If I run the following sequence of commands, I get an assertion
failure in current HEAD.

postgres=# BEGIN;
BEGIN
postgres=# SELECT 1/0;
ERROR: division by zero
postgres=# ROLLBACK TO A;
ERROR: no such savepoint
postgres=# \q

The process fails when the session is closed and aborted transaction
gets cleaned at the proc_exit time. The stack trace is as below.

(gdb) bt
#0 0x00c16422 in __kernel_vsyscall ()
#1 0x00244651 in *__GI_raise (sig=6) at
../nptl/sysdeps/unix/sysv/linux/raise.c:64
#2 0x00247a82 in *__GI_abort () at abort.c:92
#3 0x0844b800 in ExceptionalCondition (conditionName=0x86161e8
"!(portal->cleanup == ((void *)0))", errorType=0x8615e94
"FailedAssertion",
fileName=0x8615e88 "portalmem.c", lineNumber=793) at assert.c:57
#4 0x08472a5a in AtCleanup_Portals () at portalmem.c:793
#5 0x080f2535 in CleanupTransaction () at xact.c:2373
#6 0x080f40d7 in AbortOutOfAnyTransaction () at xact.c:3855
#7 0x0845cc5e in ShutdownPostgres (code=0, arg=0) at postinit.c:966
#8 0x08332ba7 in shmem_exit (code=0) at ipc.c:221
#9 0x08332ab3 in proc_exit_prepare (code=0) at ipc.c:181
#10 0x08332a15 in proc_exit (code=0) at ipc.c:96
#11 0x0835b07c in PostgresMain (argc=2, argv=0xa12fa64,
username=0xa12f958 "pavan") at postgres.c:4091

I analyzed this a bit.
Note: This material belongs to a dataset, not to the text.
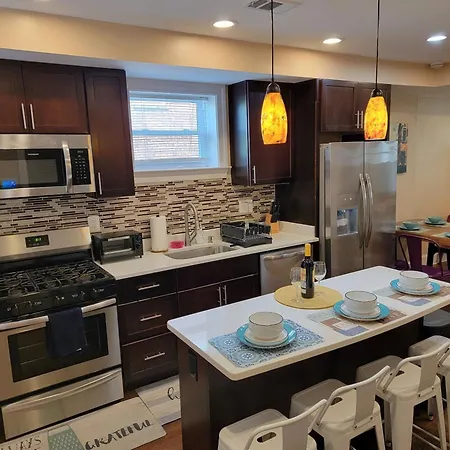Luxurious Dc Townhome Ideal For Large Families Plus Free Parking-3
It seems that the first statement throws an
error, runs AbortCurrentTransaction and puts the transaction block in
TBLOCK_ABORT state. Any commands executed after this would usually
fail with error "current transaction is aborted". But the ROLLBACK TO
gets past this check because IsTransactionExitStmt() returns success
(and rightly so). So we end up creating a portal to run the ROLLBACK
TO command. This command fails because the SAVEPOINT A does not exist
and we throw an error. But since the transaction block is already in
TBLOCK_ABORT state, the AbortCurrentTransaction doesn't do any work.
The cleanup routine for the portal remains unexecuted. Later when the
backend exits and cleanup routines are called, the assertion inside
AtCleanup_Portals fails.

I am not sure what is the right fix for this. I see Tom fixed a
similar complain sometime back.
http://git.postgresql.org/pg/commitdiff/6252c4f9e201f619e5eebda12fa867acd4e4200e

But may its not enough to cover all code paths, as demonstrated by this example.

Thanks,
Pavan

--
Pavan Deolasee
EnterpriseDB     http://www.enterprisedb.com


From: Tom Lane <tgl(at)sss(dot)pgh(dot)pa(dot)us>
To: Pavan Deolasee <pavan(dot)deolasee(at)gmail(dot)com>
Cc: pgsql-hackers <pgsql-hackers(at)postgresql(dot)org>
Subject: Re: Assertion failure in AtCleanup_Portals
Date: 2012-02-06 21:33:26
Message-ID: 27845.1328564006@sss.pgh.pa.us
Views: Raw Message | Whole Thread | Download mbox | Resend email
Lists: pgsql-hackers

Pavan Deolasee <pavan(dot)deolasee(at)gmail(dot)com> writes:
> If I run the following sequence of commands, I get an assertion
> failure in current HEAD.

> postgres=# BEGIN;
> BEGIN
> postgres=# SELECT 1/0;
> ERROR: division by zero
> postgres=# ROLLBACK TO A;
> ERROR: no such savepoint
> postgres=# \q

> The process fails when the session is closed and aborted transaction
> gets cleaned at the proc_exit time. The stack trace is as below.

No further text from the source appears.